Environments Variables#
XINFERENCE_ENDPOINT#
Endpoint of Xinference, used to connect to Xinference service. Default value is http://127.0.0.1:9997 , you can get it through logs.
XINFERENCE_MODEL_SRC#
Modelhub used for downloading models. Default is “huggingface”, or you can set “modelscope” as downloading source.
XINFERENCE_HOME#
By default, Xinference uses <HOME>/.xinference as home path to store
necessary files such as logs and models, where <HOME> is the home
path of current user. You can change this directory by configuring this environment
variable.
XINFERENCE_HEALTH_CHECK_FAILURE_THRESHOLD#
The maximum number of failed health checks tolerated at Xinference startup. Default value is 5.
XINFERENCE_HEALTH_CHECK_INTERVAL#
Health check interval (seconds) at Xinference startup. Default value is 5.
XINFERENCE_HEALTH_CHECK_TIMEOUT#
Health check timeout (seconds) at Xinference startup. Default value is 10.
XINFERENCE_DISABLE_HEALTH_CHECK#
Xinference will automatically report health check at Xinference startup. Setting this environment to 1 can disable health check.

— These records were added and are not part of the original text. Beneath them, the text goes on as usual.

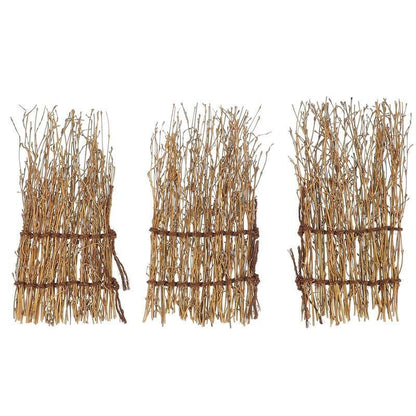 Plates Decor 3Pcs Bamboo Fence Sushi Sashimi Japanese Tray Decorations Landscape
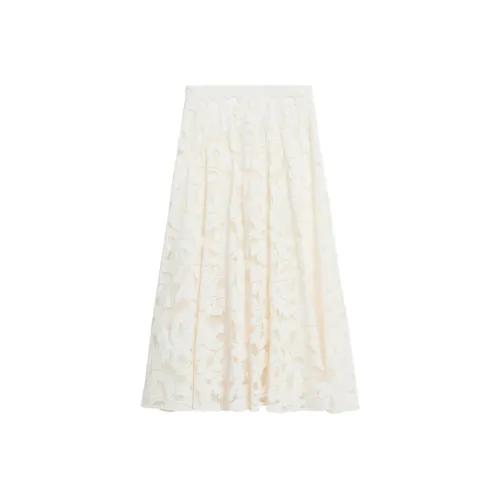 MaxMara Повседневный Длинный Юбка Женская Айвори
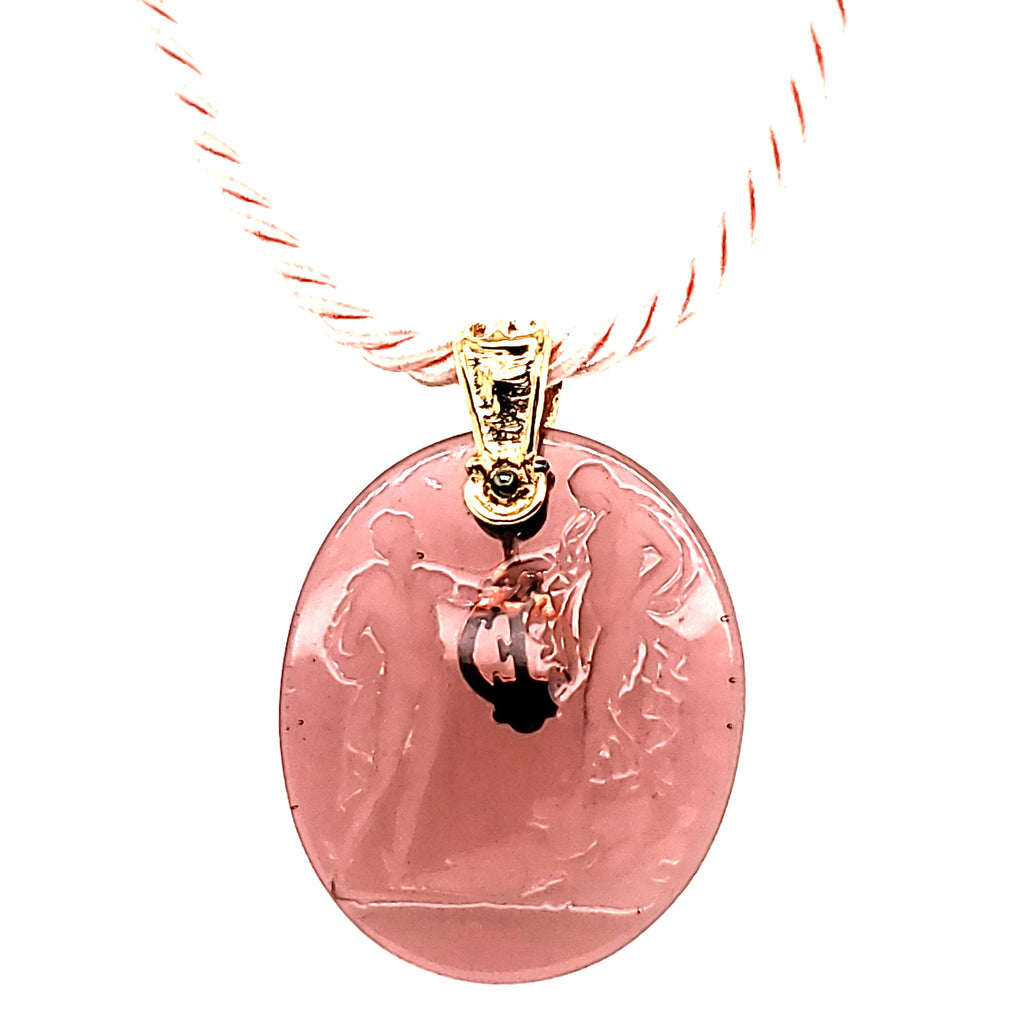 Tagliomonte 14Kt Yellow Gold Intaglio Pendant Necklace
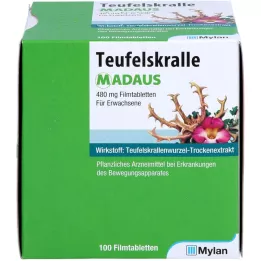 TEUFELSKRALLE MADAUS Comprimés pelliculés, 100 pc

XINFERENCE_DISABLE_METRICS#
Xinference will by default enable the metrics exporter on the supervisor and worker. Setting this environment to 1 will disable the /metrics endpoint on the supervisor and the HTTP service (only provide the /metrics endpoint) on the worker.

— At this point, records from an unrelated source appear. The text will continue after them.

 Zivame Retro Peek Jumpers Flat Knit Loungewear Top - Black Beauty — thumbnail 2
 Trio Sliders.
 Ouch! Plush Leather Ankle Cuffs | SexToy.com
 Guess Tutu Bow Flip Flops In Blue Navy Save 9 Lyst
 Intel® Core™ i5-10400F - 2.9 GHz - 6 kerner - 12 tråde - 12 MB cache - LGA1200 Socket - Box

XINFERENCE_DOWNLOAD_MAX_ATTEMPTS#
Maximum download retry attempts for model files. Default value is 3.
XINFERENCE_TEXT_TO_IMAGE_BATCHING_SIZE#
Enable continuous batching for text-to-image models by specifying the target image size
(e.g., 1024*1024). Default is unset.
XINFERENCE_SSE_PING_ATTEMPTS_SECONDS#
Server-Sent Events keepalive ping interval (seconds). Default value is 600.
XINFERENCE_MAX_TOKENS#
Global max tokens limit override for requests. Default is unset.
XINFERENCE_ALLOWED_IPS#
Restrict access to specified IPs or CIDR blocks. Default is unset (no restriction).
XINFERENCE_BATCH_SIZE#
Default batch size used by the server when batching is enabled. Default value is 32.

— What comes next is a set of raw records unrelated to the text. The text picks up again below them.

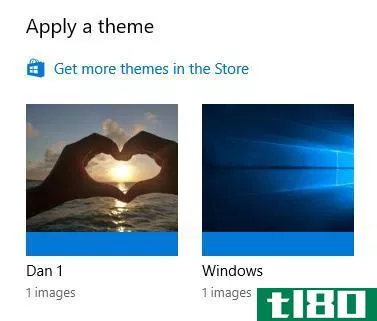 windows 10 apply a theme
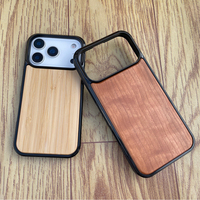 Casing Ponsel Anti Benturan Ramah Lingkungan dari Bambu & Kayu Walnut untuk 17 Pro Max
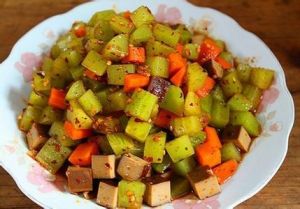 雞蛋乾拌青筍丁 雞蛋乾拌青筍丁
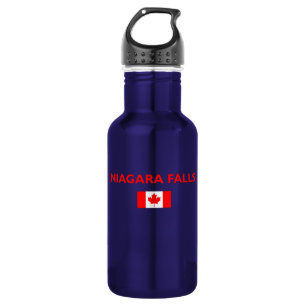 Niagara Falls Canada Canadian Flag Dark Color 532 Ml Water Bottle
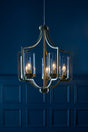 Laura Ashley Joseph Antique Brass 5 Light Chandelier –  from Amos Lighting + Home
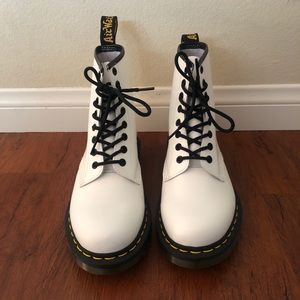 White Smooth 1460 Dr. Marten’s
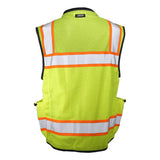 1823 Kishigo Ultimate Construction Class 2 Vest Lime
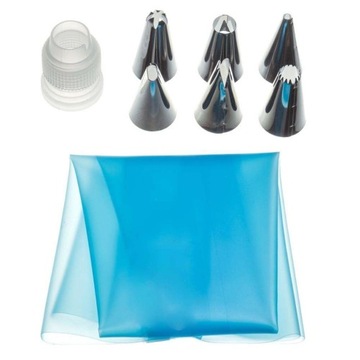 Рукав Декоратор ТОЛЬКО ДЛЯ УКРАШЕНИЯ ТОРТА 8 ЭЛЕМЕНТОВ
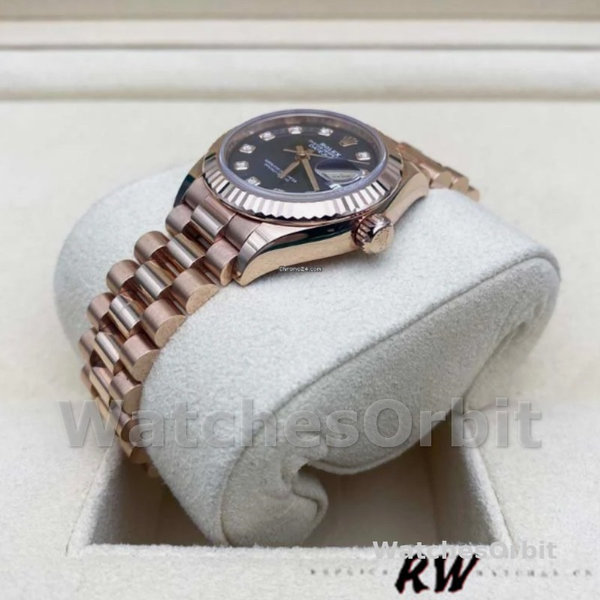 Rolex Datejust 279175 Aubergine Diamonds Dial Fluted Bezel 28mm Lady Replica Watch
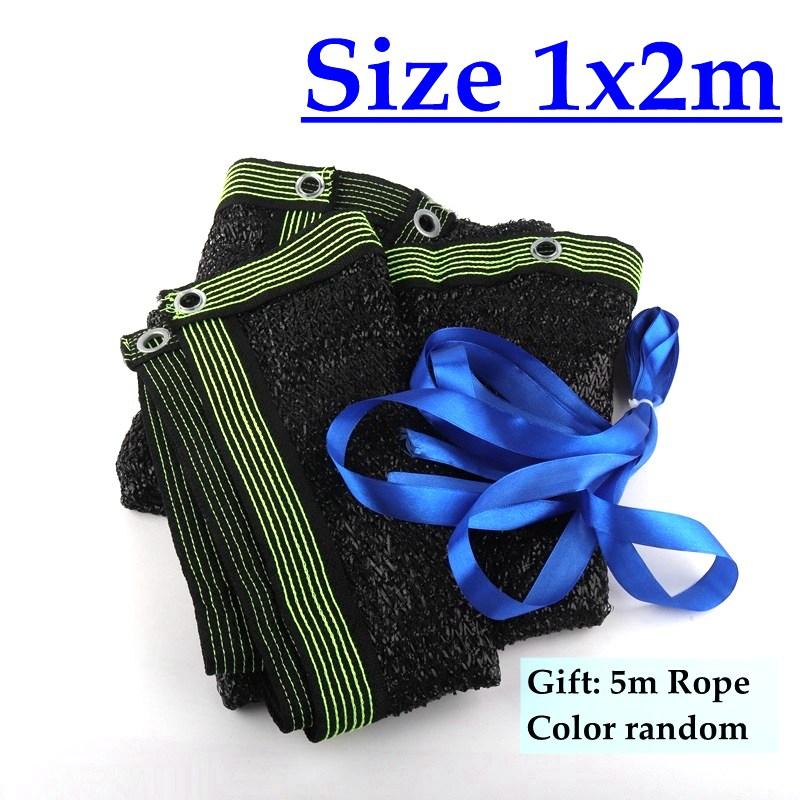 Черная 3-контактная УФ-защитная HDPE затеняющая сетка Защитная от солнца для суккулентов Навес для открытого бассейна Затеняющая сетка Степень затенения 40~50% 3 PIN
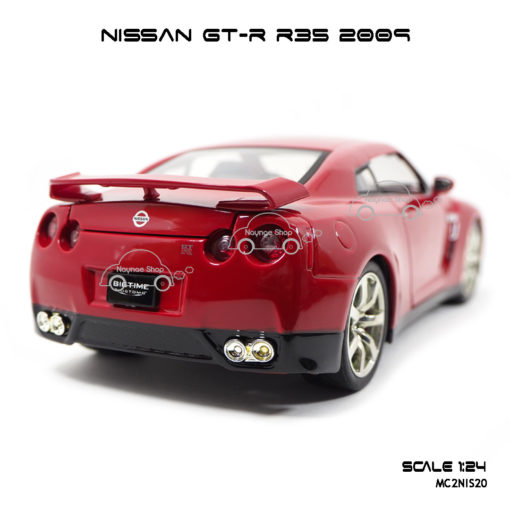 โมเดลรถ NISSAN GT-R R35 2009 สีแดง scale 1:24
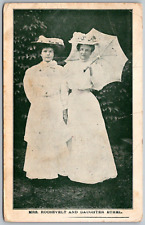 Mrs Theodore Roosevelt And Daughter Ethel 1909 Postcard picture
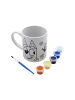 Bluey Tasse 240ml zum Bemalen Set mit 5 Farben und Pinsel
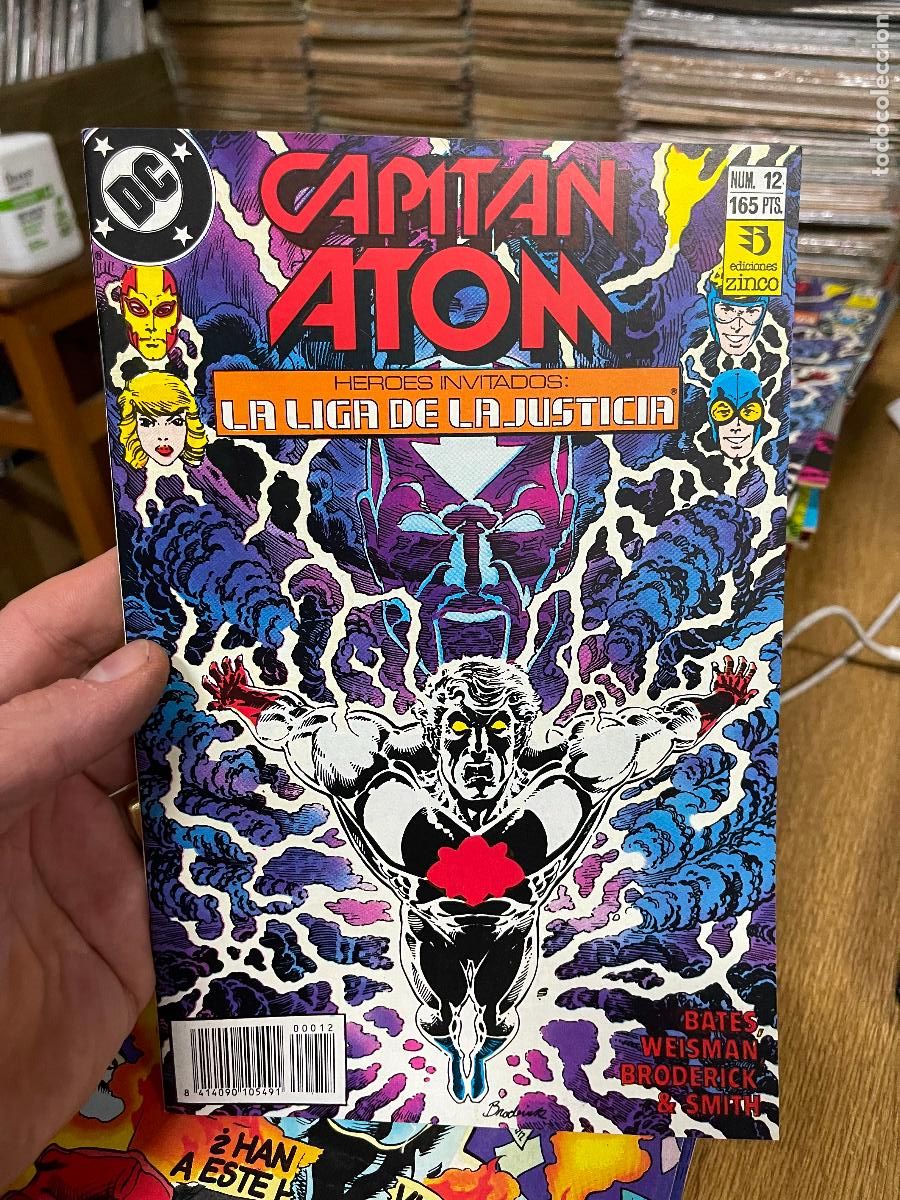 C&oacute;mics: ZINCO DC CAPITAN ATOM NUMERO 12 MUY BUEN ESTADO - Foto 1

XINFERENCE_BATCH_INTERVAL#
Default batching interval (seconds). Default value is 0.003.
XINFERENCE_ALLOW_MULTI_REPLICA_PER_GPU#
Whether to allow multiple replicas on a single GPU. Default value is 1 (enabled).
XINFERENCE_LAUNCH_STRATEGY#
GPU allocation strategy for replicas. Default is IDLE_FIRST_LAUNCH_STRATEGY.
XINFERENCE_ENABLE_VIRTUAL_ENV#
Enable model virtual environments globally. Default value is 1 (enabled, starting from v2.0).
XINFERENCE_VIRTUAL_ENV_SKIP_INSTALLED#
Skip packages already present in system site-packages when creating virtual environments. Default value is 1.
XINFERENCE_CSG_TOKEN#
Authentication token for CSGHub model source. Default is unset.
XINFERENCE_CSG_ENDPOINT#
CSGHub endpoint for model source.
Default value is https://hub-stg.opencsg.com/.